PHOTOGRAPHER MUNEMASA TAKAHASHI

 法やルールと聞くと、多くの人は管理や制限をするものと捉えがちだ。たしかに、人々が社会でともに暮らし秩序を保つためには、一定の統制や行動のコントロールが必要であり、その役割を担っているのが、まさに法やルールだ。一方で、この認識にとらわれすぎることは危うい。制約的な側面ばかりが強調されれば、社会も組織も硬直化してしまう。

 私自身は、法やルールを「道具(ツール)」だと考えている。ひとたび生み出されたあらゆる製品やサービスが時代とともに改良されていくように、法やルールもまた、人間や社会の要請に応じて更新されるべきものだ。

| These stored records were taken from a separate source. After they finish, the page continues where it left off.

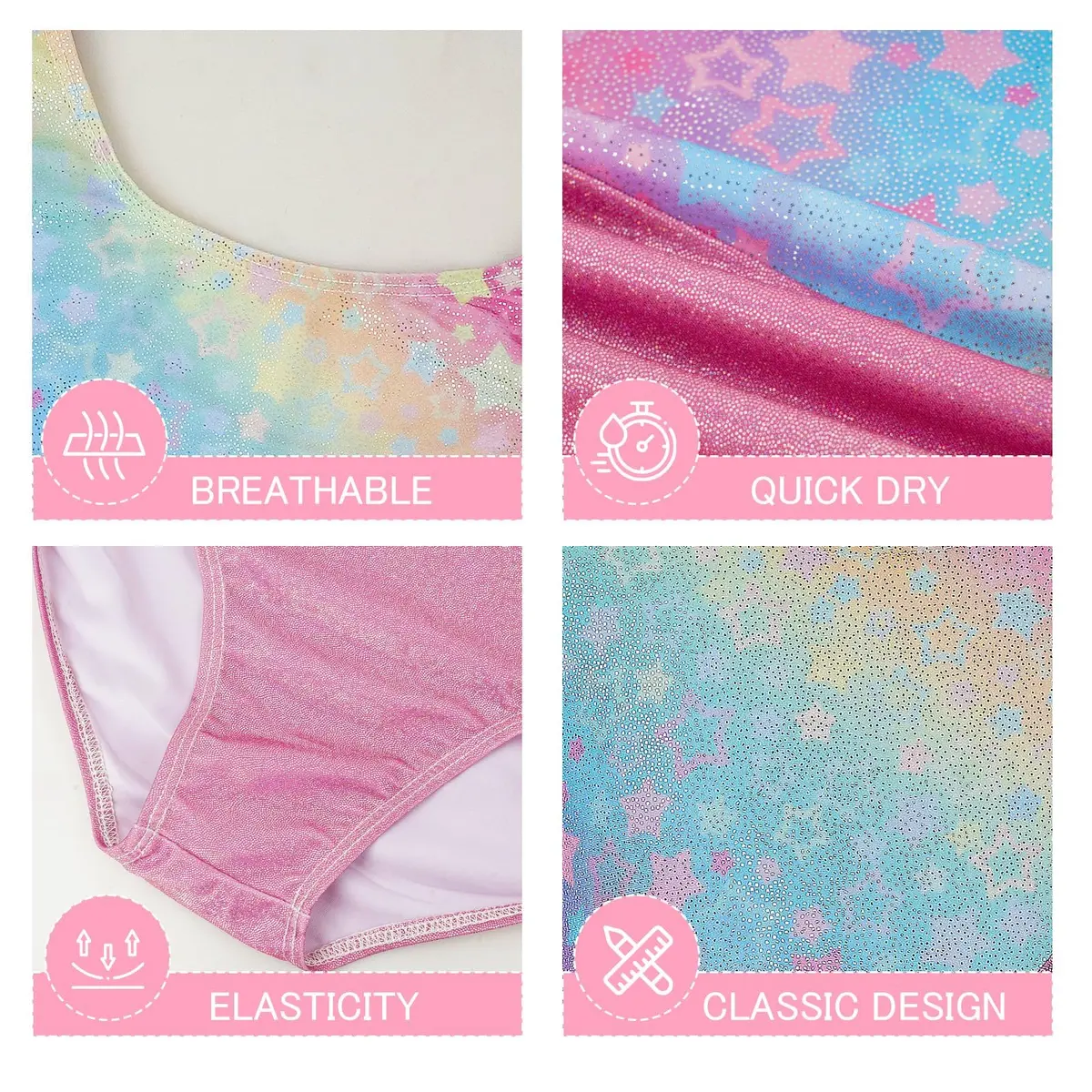 Gogokids Girls Long Sleeve 3 Pcs Gymnastics Leotard Set with Shorts & Hair Scrunchie, 8-9 Years - view 4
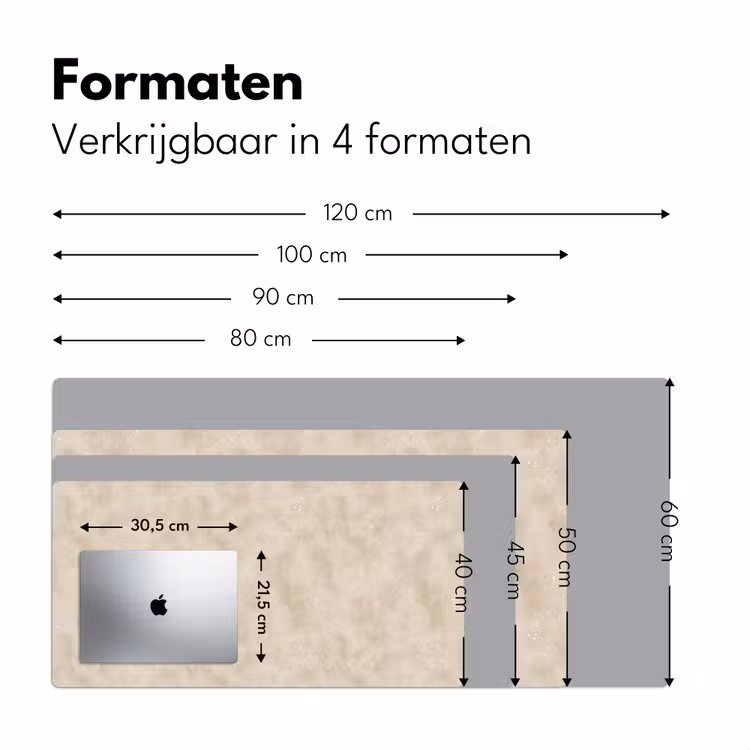 Structuur - Spikkels - Beige Muismat XXL klein 681 -sfeer5
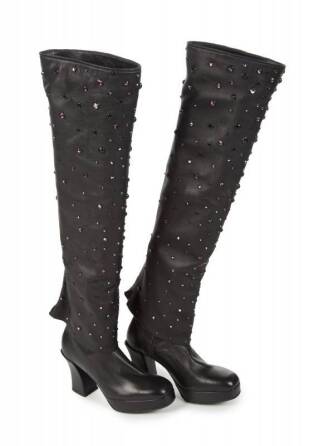 CHER LEATHER THIGH-HIGH BOOTS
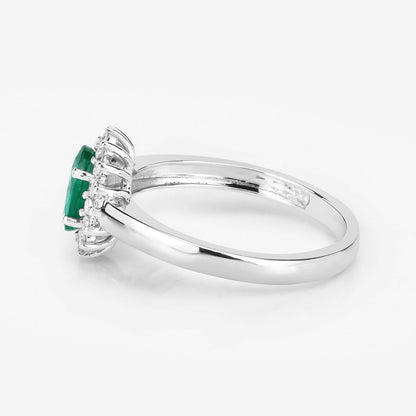 0.86 Carat Genuine Zambian Emerald and White Diamond 14K White Gold Ring Bids.com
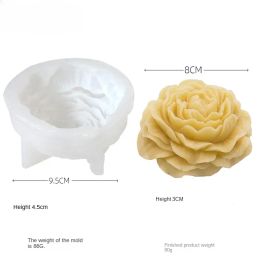 Peony Silicone Candle Mould Aroma Plaster Soap Resin Flower Mould Birthday Holiday Gift Wedding Souvenir Home Decoration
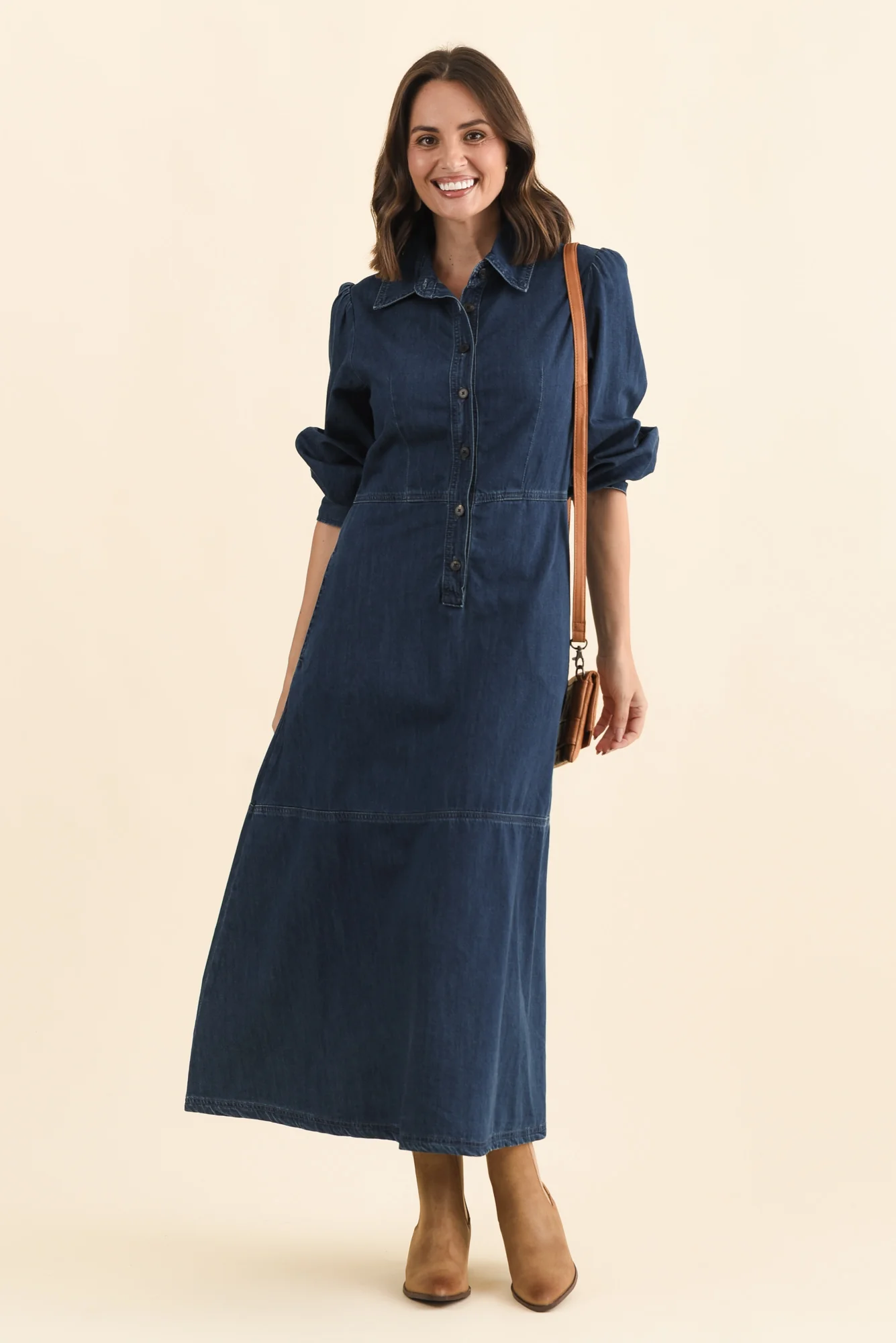 Detroit Dark Blue Denim Sleeved Dress - Image 2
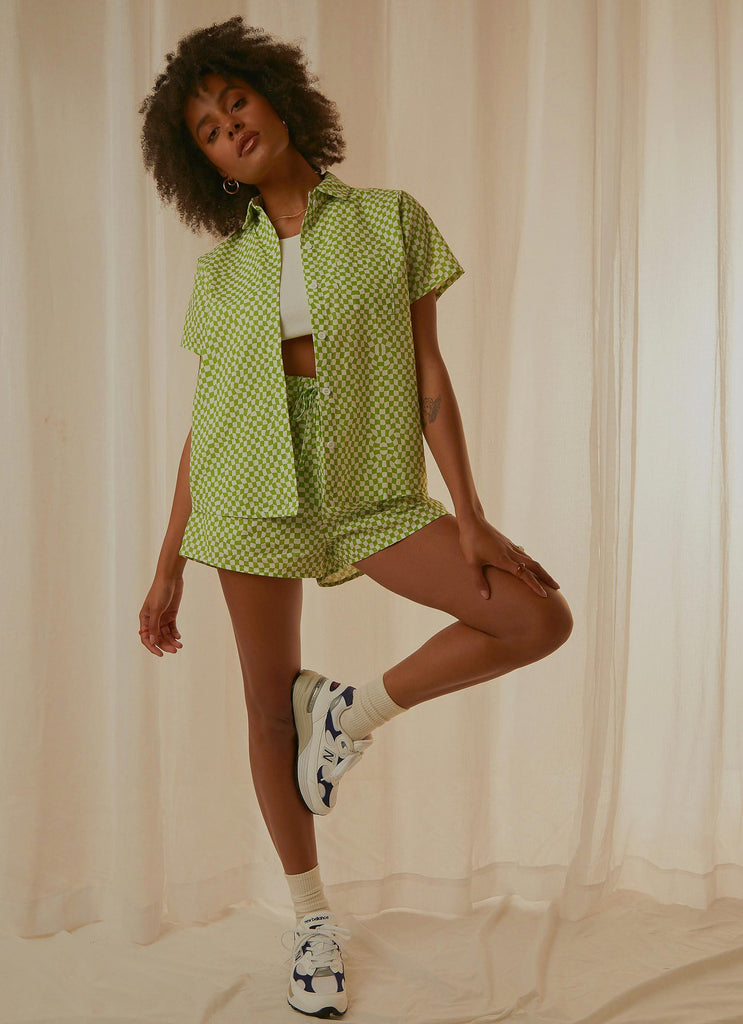 Seventies Groove Shirt - Lime Warp Check - Peppermayo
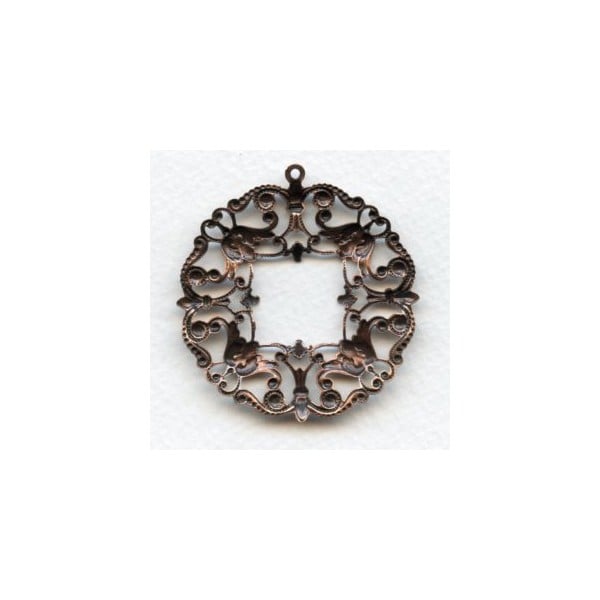 Ornately Detailed Filigree Pendant Frame Oxidized Copper (1) - Image 2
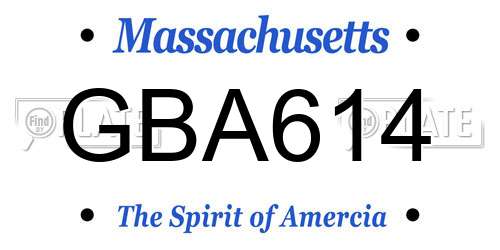 GBA614 Massachusetts License Plate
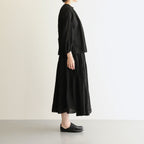 LINEN HEMP SMOCK BLOUSE #Black [no.7421]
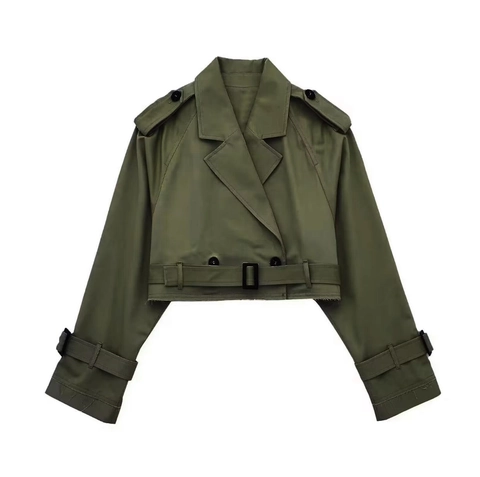 Dames Korte Trenchcoat Jas Double-Breasted Met Riem Revers Effen Kleur Casual Lange Mouwen Epauletten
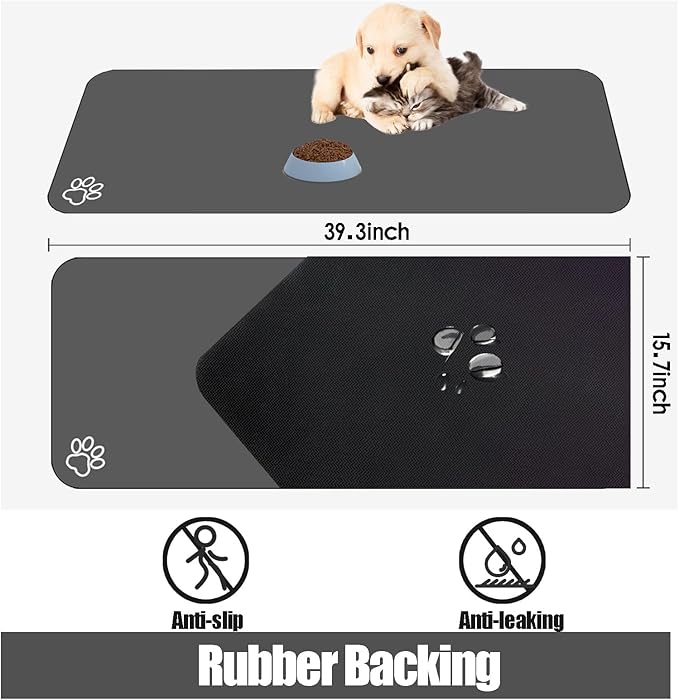 Large Pet Feeding Mat, Absorbent Quick Dry Dog Mat - Image 4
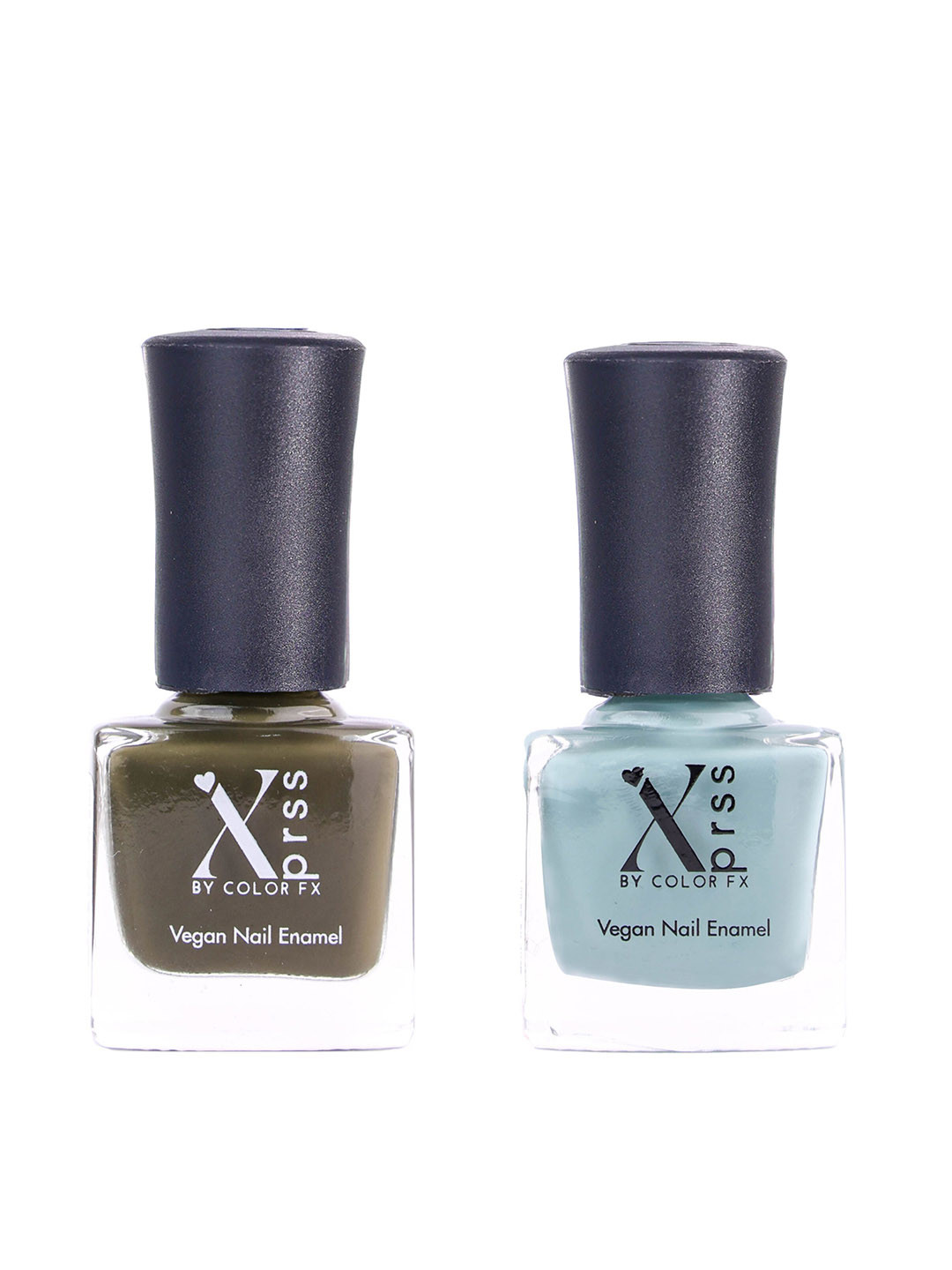 Color Fx Set Of 2 Xprss Vegan Nail Enamels 10 ml Each - Olive 309 & Topaz Green 310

私たちが長らく大切にしてきた「人権」という概念さえも、歴史の中で「発明」された道具だと捉えることができる[注]。人権はフランス革命やアメリカ独立宣言を背景に、西洋の民主主義国家を前提として形成された価値観なのだ。

 法やルールが道具だとすれば、それをただ「守る」という態度は、はたして適切だろうか。

法がイノベーションを加速させることも

 制約と思われがちな法やルールも、その捉え方次第で新しい挑戦を後押しする力に変わる。たとえば、1970年代、米国で大気浄化法(マスキー法)が制定され、自動車メーカーに厳しい排ガス規制が課された。当時、多くの大手メーカーはその規制対応を触媒装置の導入で切り抜けようとした。その中で本田技研工業(ホンダ)は、それがコスト増や燃費悪化につながると考え、より技術的に制御が難しい燃焼方式の改良に挑んだ。その結果として誕生したCVCCエンジンは、世界で初めて規制をクリアした技術となり、同社の競争優位を高めることにつながった。ここでは、法が先に高い基準を示し、それに追いつく形でイノベーションが生まれたのである。

 しかし、このように法が先に立つケースばかりではない。むしろ多くの場合、技術の進歩や社会の変化のほうが先に進み、法は後から追いつく。新しい技術が急速に発展する今日、現実と法との乖離はますます広がっている。そしてその乖離の中に、法律的な「グレーゾーン」が生まれる。明確に禁止されてもいなければ、明確に許されてもいない──その曖昧さをどう扱うかが問われるのだ。大きな組織では、こうした場面で「法的に実現が難しい」と判断し、挑戦の芽が摘まれてしまうことも少なくないだろう。